Leonard Cheshire will use a loan of £1million to develop and scale their Innovate to Save project across Wales.
We launched Innovate to Save 2017 to help organisations delivering public services test a new idea that they think will improve services and generate cashable savings.
Leonard Cheshire was part of the first cohort of Innovate to Save projects undertaking research and development, and has now been awarded a loan of £1million to scale the project across Wales.
Innovation for Active Communities (IAC - formerly known as Prime Members Club) offers adults receiving direct payments a way to pool their one-to-one support hours. These can then be used against a variety of group-based social activities at varying times of the week, reducing the number of carers needed to support the activities and generating a saving for local authorities.
A web tool is being developed so that activity choices and suggestions can be made online, with ‘pen pictures’ that give an idea of what the individual and support workers enjoy doing. During the pilot, drama workshops and photography sessions were popular.
The idea for IAC came from the Director of Operations in Wales. During Glyn Meredith’s time as a children's support worker in Swansea, he noticed that many people were receiving one-to-one care for social activities that could be shared.
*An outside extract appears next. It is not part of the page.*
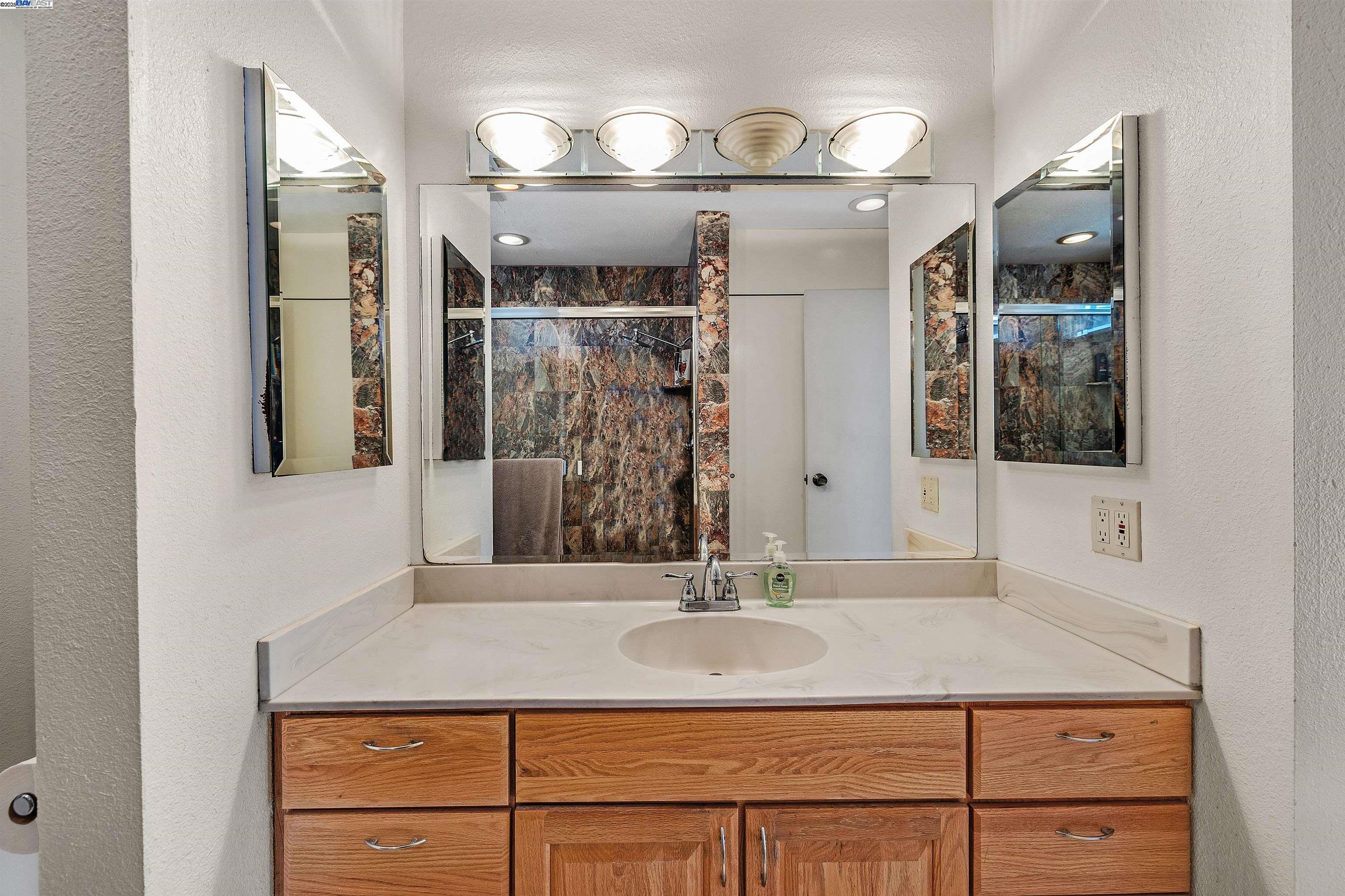 Detail Gallery Image 24 of 60 For 3291 Trafalgar Road, Fremont,  CA 94555 - 3 Beds | 2/1 Baths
He started to combine support and increased the variety of activities being offered, which ultimately improved the choice and control for the young people he worked with.
“Transferring that social element is very important for adults and will transform person-centred leisure activities across Wales. The groups we supported in the pilot chose activities including why we vote, health and safety and food hygiene training, which led to members of the group gaining employment.”Glyn Meredith, Director of Operations in Wales, Leonard Cheshire
Leonard Cheshire worked with 35 individuals in Anglesey over seven months to test whether the IAC was an effective way of improving services for disabled people and whether the savings they anticipated could be realised. Evidence gathered from the research and development phase of Innovate to Save allowed the charity to write a business case supporting the application for a loan.
We learned a lot from delivering the first version of Innovate to Save, and over the next few months we’ll be sharing case studies, blogs and useful resources to help others build a similar programme of funding and support for innovation.